PROBLEM TO WORK ON
Every line below should be copied exactly; drop the pictures.

Short web captions
===============
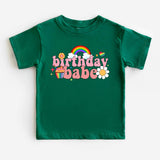 Birthday Babe T-Shirt, Baby Birthday Party Shirt, Birthday Girl Tee, Girls Birthday Party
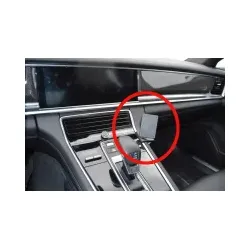 BRODIT 835360 ProClip Halterung - Porsche Panamera 2018 - GPS Navi KFZ Halter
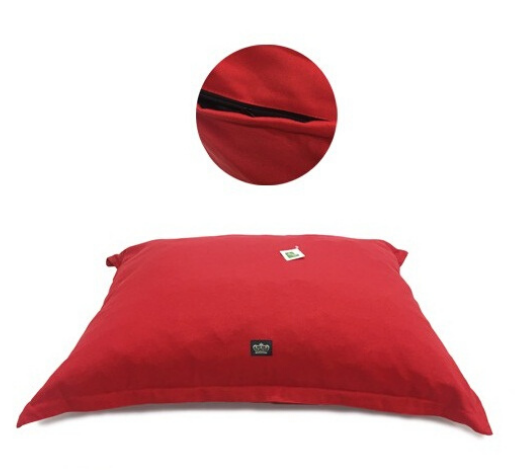 Colchoneta para perro Panama – Rojo 120 x 75 x 22cm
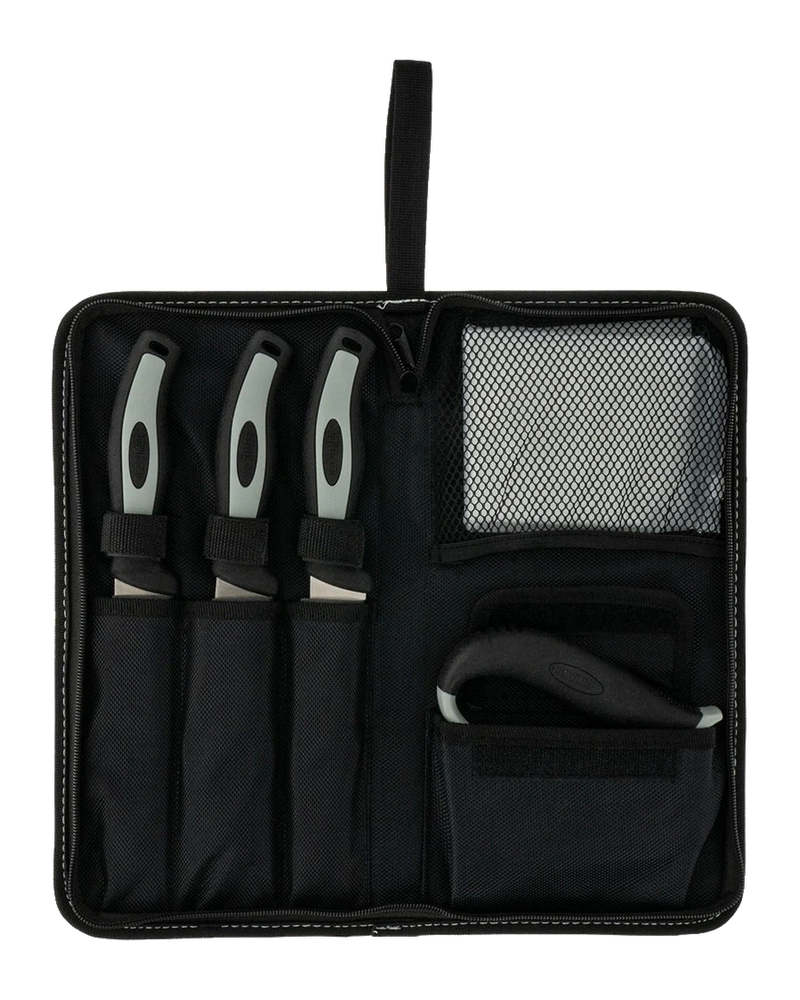 Schrade Old Timer Set za Obradu Divljači na Terenu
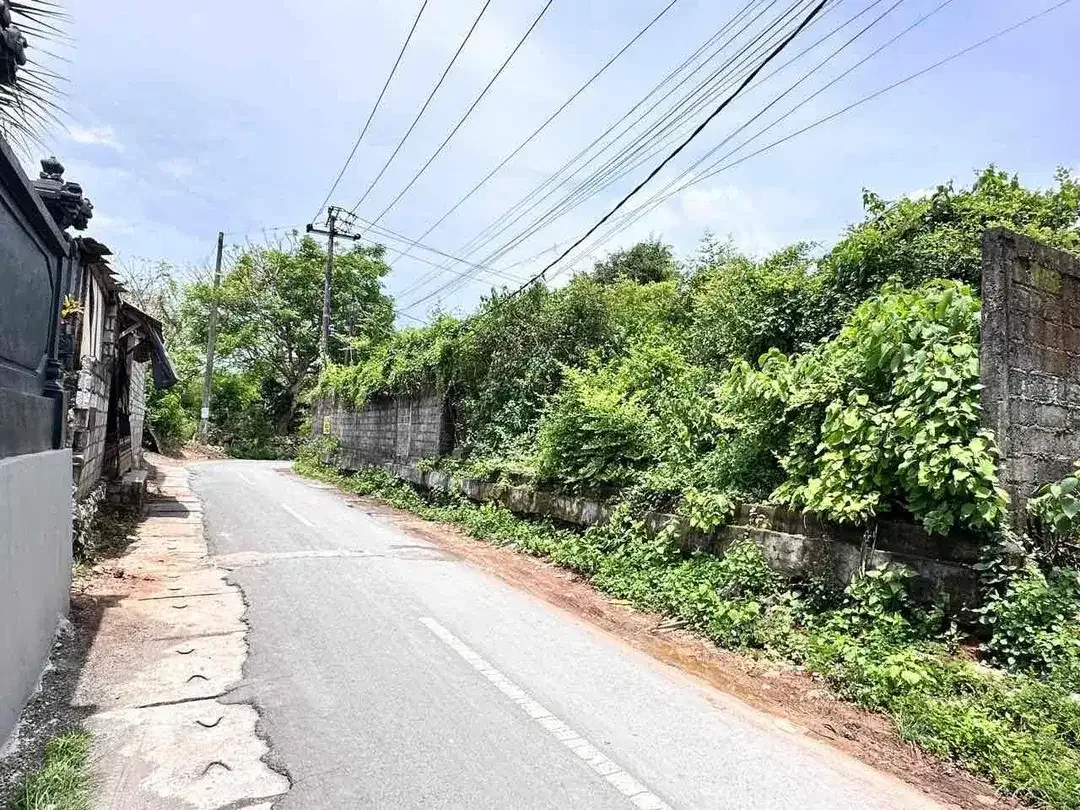 Tanah Strategis Karang Mas Jimbaran - Image 7 of 10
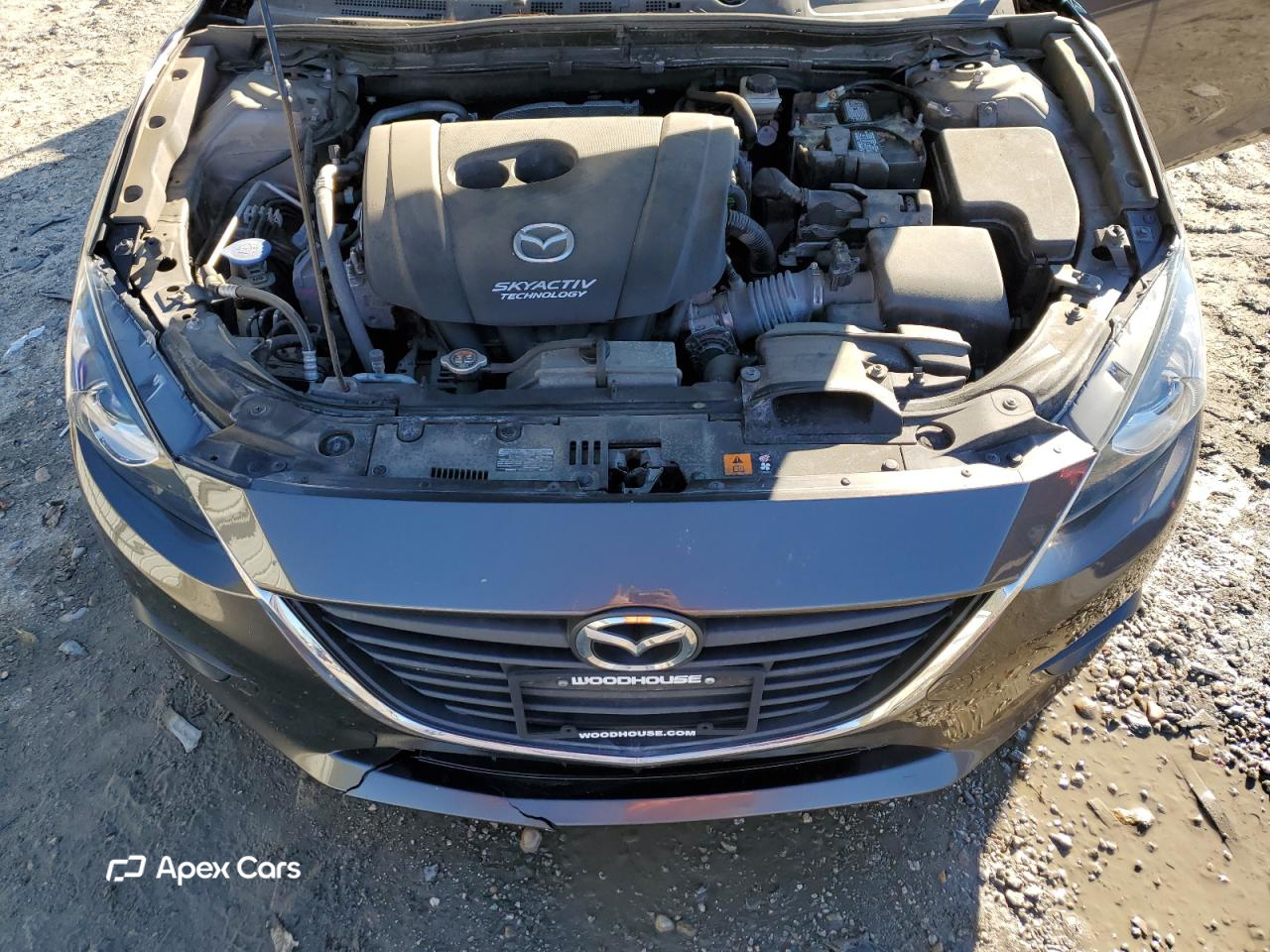 Mazda 3 2016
===============
ANSWER FOR THIS EXERCISE
 Birthday Babe T-Shirt, Baby Birthday Party Shirt, Birthday Girl Tee, Girls Birthday Party
 BRODIT 835360 ProClip Halterung - Porsche Panamera 2018 - GPS Navi KFZ Halter
 Colchoneta para perro Panama – Rojo 120 x 75 x 22cm
 Schrade Old Timer Set za Obradu Divljači na Terenu
 Tanah Strategis Karang Mas Jimbaran - Image 7 of 10
 Mazda 3 2016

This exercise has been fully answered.